Brooks studies things such as “total rearfoot motion” and “peak plantar pressure” when creating new shoes and parts, such as MoGo, Brooks’ midsole design coming to the market next month. The midsole, which is sandwiched between the shoe’s upper half and the sole itself, is critical for foot support and performance.

The MoGo design took three years to develop, going through 40 permutations along the way, Humphrey said. The final design, Brooks claims, offers 40 percent more cushioning and gives a runner 22 percent more return of energy – the “spring” in one’s step – than Brooks’ former midsole. Just as importantly for the company, the MoGo design can be made more consistently without defects while reducing wasted materials by 50 percent.

In its clothing for runners, Brooks also has sewn in innovations – from designs that maximize ventilation and visibility to fabric spiked with real silver to reduce sweat odor and to dissipate heat and moisture

Vanderoef, an apparel product manager, showed off a jacket made with breathable fabric that uses 3M Scotchlite, a reflective material that shines with up to 500 candlepower. The whole jacket weighs a wispy 3 ounces.

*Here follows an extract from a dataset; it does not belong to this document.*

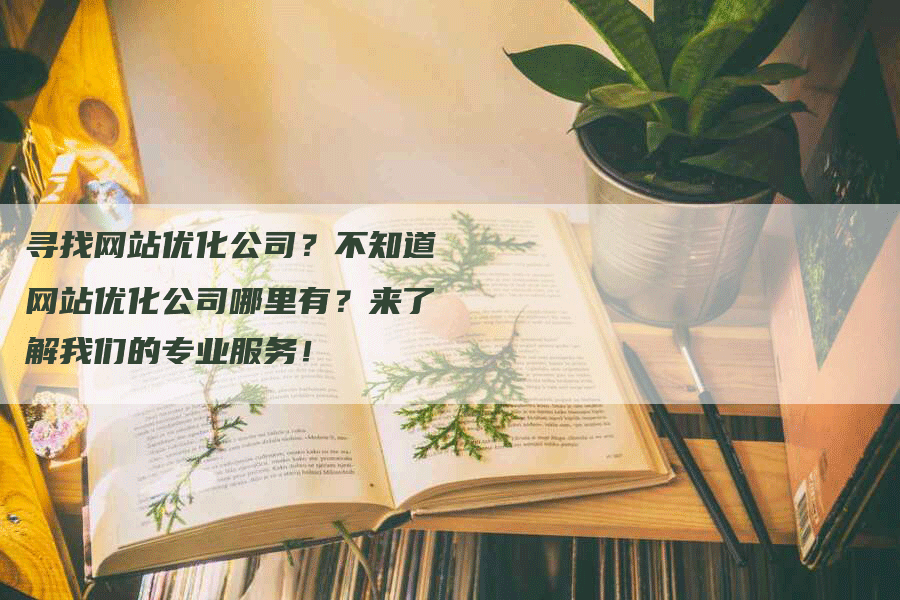 寻找网站优化公司？不知道网站优化公司哪里有？来了解我们的专业服务！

Brooks also makes caps with flashing LED lights built in to make runners more visible on evening jogs.

Vanderoef said the materials Brooks uses aren’t exclusive to the company, but it seeks to use them in new ways.

“It’s not the ingredients, it’s the recipe,” he said. “It’s not what you use, but how you use it.”

Of course, clothing designed to be optimal in all sorts of weather and temperatures can have a downside.

“At this rate, we’re taking away all the excuses. Sometimes I wonder if people hate us because my job is to make sure you can get your run in,” said Vanderoef, who hasn’t skipped his daily run since late 2000.

Weber said that despite the pending ownership change of its parent company, Brooks plans to continue operating in its newfound niche. There’s still plenty of room to grow in the market.

“We’re a smaller company, and we’re more flexible. We’re using that as a weapon,” he said.